Categorized | Body Part Exercises

Body Part Exercises

The “Body Part Exercise” section of Exercise-Reports.com is designed to help exercisers with  selecting and understanding exercises that are specific for certain body regions. Exercises in a gym or fitness center are often organized by body part. Exercisers talk about working out a certain area of the body (“What are you working on today?”).  Even workout cards and gym floor layouts organize exercise equipment by body regions to help members get enough exercise for each body region or help them remember not to neglect a certain body region. Workouts often involve one to three body parts or all body parts in a given exercise session. If one to three body parts are worked intensely, another group can be worked the next day while the first group of body parts rest for a time period (usually one to four days rest).
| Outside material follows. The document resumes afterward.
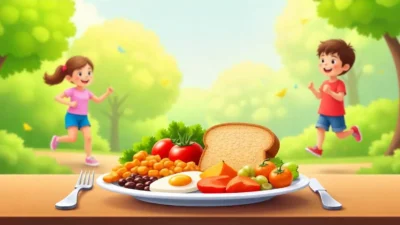 Colorful healthy eating plate for kids with fruits, vegetables, whole grains, protein, and a glass of water, set in a fun outdoor setting with a child playing.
Body part training can be very motivating as each body part exercise focuses on performance, aesthetics and injury prevention by developing strength, size, speed and endurance of target muscles. With training and practice, an excellent mind-muscle connection can be developed with the target muscle. Prior to training, many people have no concept of the connection and control of target muscles. Keep in mind that the body works as a whole in sports, but that certain areas of the body can be lagging in development because of genetic characteristics, poor posture, bad technique, lack of proper use of certain muscles and single or repeated injury to a joint or muscle. Training specific body parts can help develop a specific area so that it can gain the ability to work in optimal performance and safety with a whole performing body. The actual muscle develops (with hypertrophy, for example) and the mind-muscle connection improves the ability to call on the muscle for action. Training specific body regions sometimes simplifies the whole workout and sports performance challenge.
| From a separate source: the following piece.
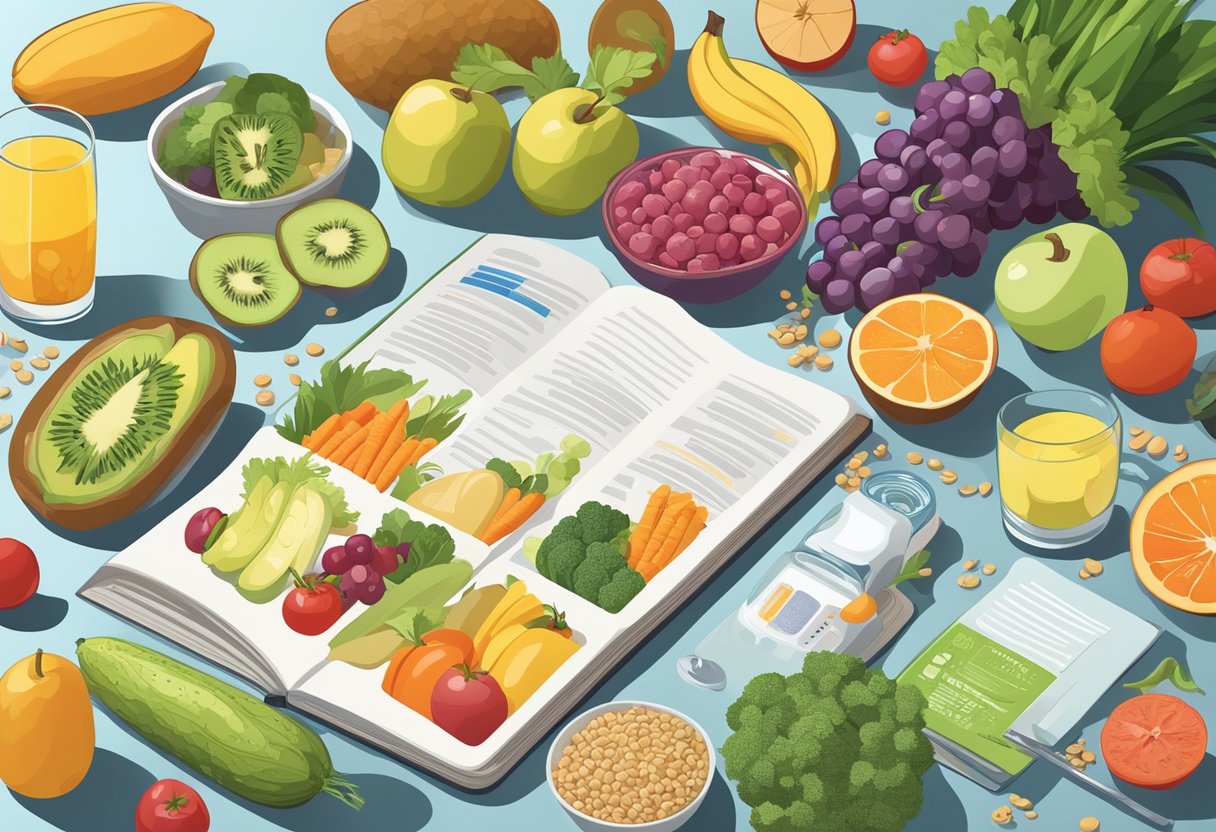 A colorful and varied array of fresh fruits, vegetables, grains, and lean proteins arranged on a table, with a glass of water and a nutrition guide book nearby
Remember that the primary function of the musculoskeletal system is to generate forces by muscle contraction to cause motion of body segments (often bone levers) and to absorb forces by contraction with attenuation of forces to prevent injuries and keep body motion fluid, responsive, stable and firm. There is often overlap in muscle use; sometimes it is impossible to isolate certain muscles without using accessory and stabilization muscles. An agonist is the main mover muscle. The antagonists are muscles that work in an opposing way to return the body segment to an original position or to provide an opposing force that offers stabilization, joint integrity and smooth control.

Regarding sports specific activity, an exercise program cannot be limited to “Body Part Training” only. Training must also include integration of multiple body parts including skillsets that promote optimal use of the kinetic chain during various sports actions, development of stabilizing subsystems, flexibility exercises coordinated with co-action and relaxation of agonists and antagonists that finds the optimal conditions for performance and joint-muscle integrity, and conditioning and understanding of the specific energy output systems that are used for a particular sport activity.
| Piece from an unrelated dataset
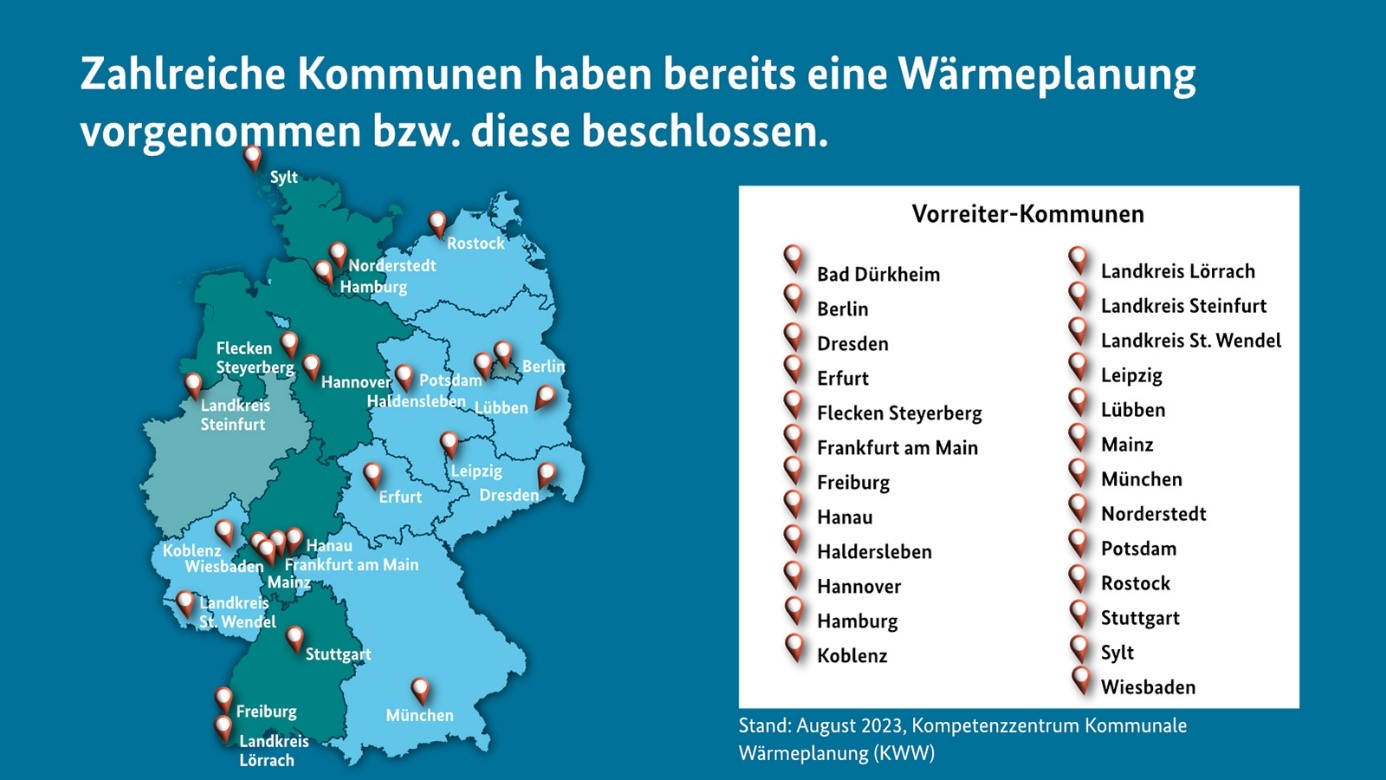 Kommunen, die bereits eine Wärmeplanung vorgenommen oder beschlossen haben.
Keep in mind that many exercises are used for rehabilitation and post-rehabilitation. There are occasions when body part training is useful to keep other body parts “in condition” while an injured part is fully or semi-immobilized. Training with isolation of agonists and antagonists can often cause immediate relief from pain or tightness in muscles or joints that are bound by muscle tightness and imbalances.

Machine exercises are often criticized by proponents of “functional training” because they isolate muscles and don’t prepare people for the integration action of multiple body parts that are patterned during activities of daily living, work-related activities, and sports-related activities. The best plan is to incorporate both isolating exercises and totally functional integrated exercises. The process of working a part, the whole, the part, the whole; and learning integration of the parts and then practicing the whole is very effective for optimal development. Whole-part-whole training is effective when breaking down a complex sequence to perfect each sequence and then put sequences together to perfect the whole pattern of a realtime action. Whole-part-whole training is also effective in developing the conditioning and architecture of parts and putting together an understanding of the parts as a whole body in full development. The architecture of the body that is revealed is amazing.